Wouldn't this project be more usefully done at the LLVM IR level so we could plug in any existing LLVM frontend and gain full support for language features like C++ templates?
Another problem with LLVM I’ve heard about is that it’s intermediate language or API or something is a moving, informally-specified target. People who know LLVM internals might weigh in on that claim. If true, it’s actually easier to target C or a subset of Rust just because it’s static and well-understood.
Two projects sought to mitigate these issues by going in different directions. One was a compiler backend that aimed to be easy to learn with well-specified IL. The other aimed to formalize LLVM’s IL.
There have also been typed, assembly languages to support verification from groups like FLINT. One can also compile language-specific analysis with a certified to LLVM IL compiler. Integrating pieces from different languages can have risks. That (IIRC) is being mitigated by people doing secure, abstract compilation.

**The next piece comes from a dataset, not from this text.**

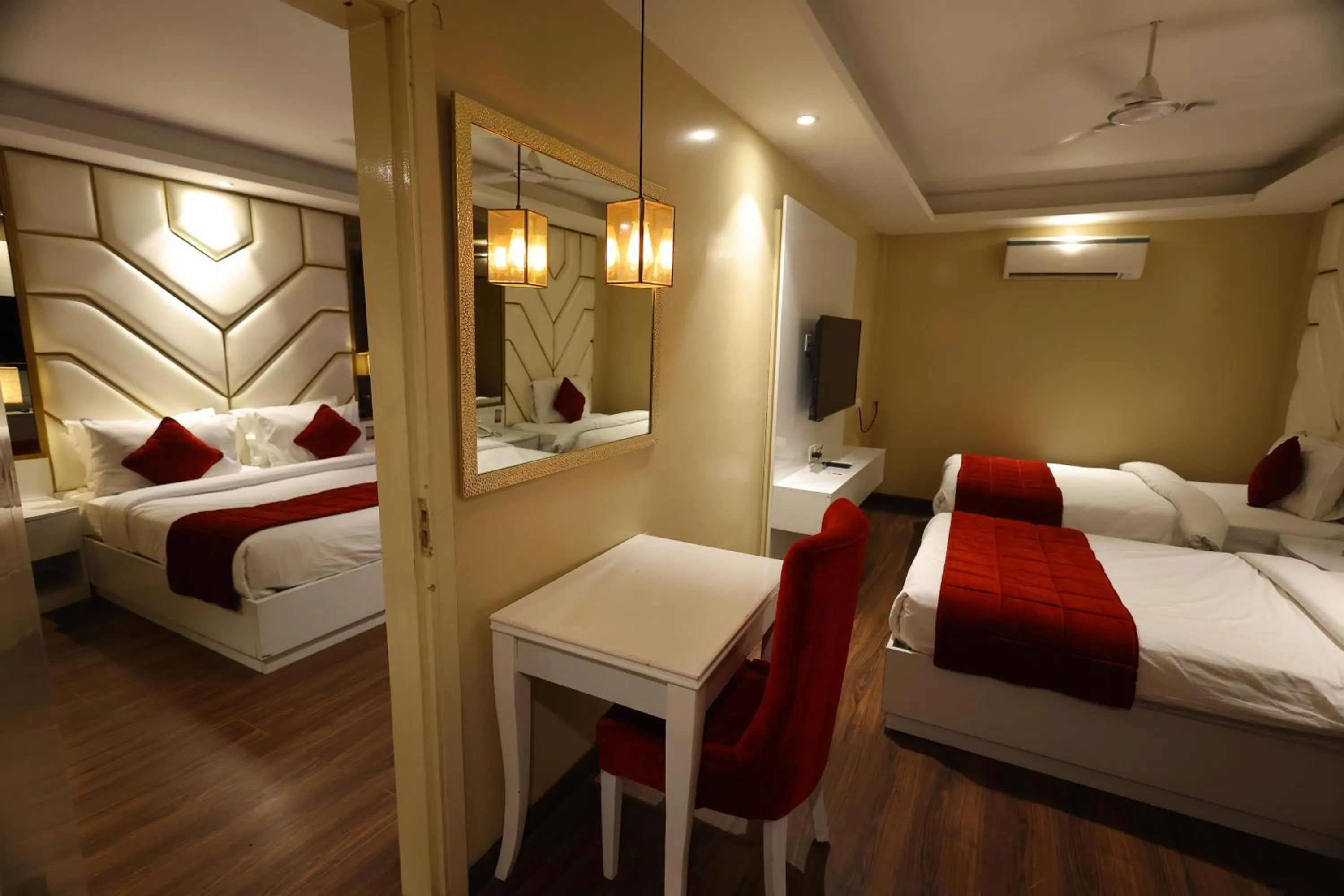 Interconnecting Family Room in Airport Hotel Ramhan Palace Mahipalpur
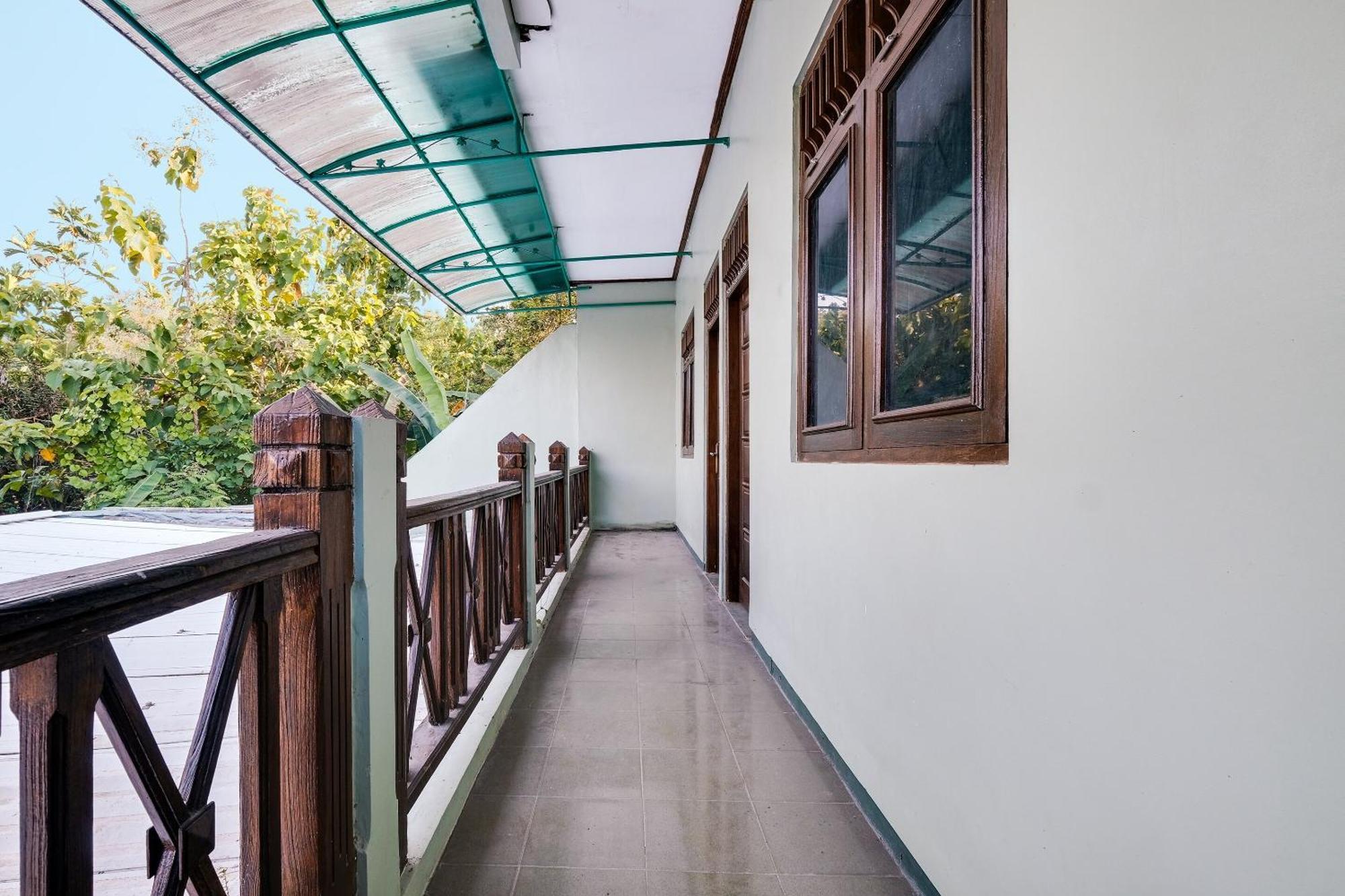 Spot On 92068 Pudja Kesuma Syariah 2* Yogyakarta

Yes, the textual IR format is not an API. It's an internal implementation detail which changes somewhat rapidly. It's well specified but there's no guarantees that if you write some IR which works in LLVM 16 that it'll work as expected in LLVM 17, etc. Inside of LLVM itself IR and its related manipulation and analysis functions are "API" in so far as there's an expectation that if you change how the IR works that you won't break existing in-tree passes/that you'll work with maintainers to fix them.
I'm curious about what relevant details get thrown away in translation to LLVM IR and that we can't add back with annotations. It's a shame that it's not possible to use these analysis tools on modern C++ codebases.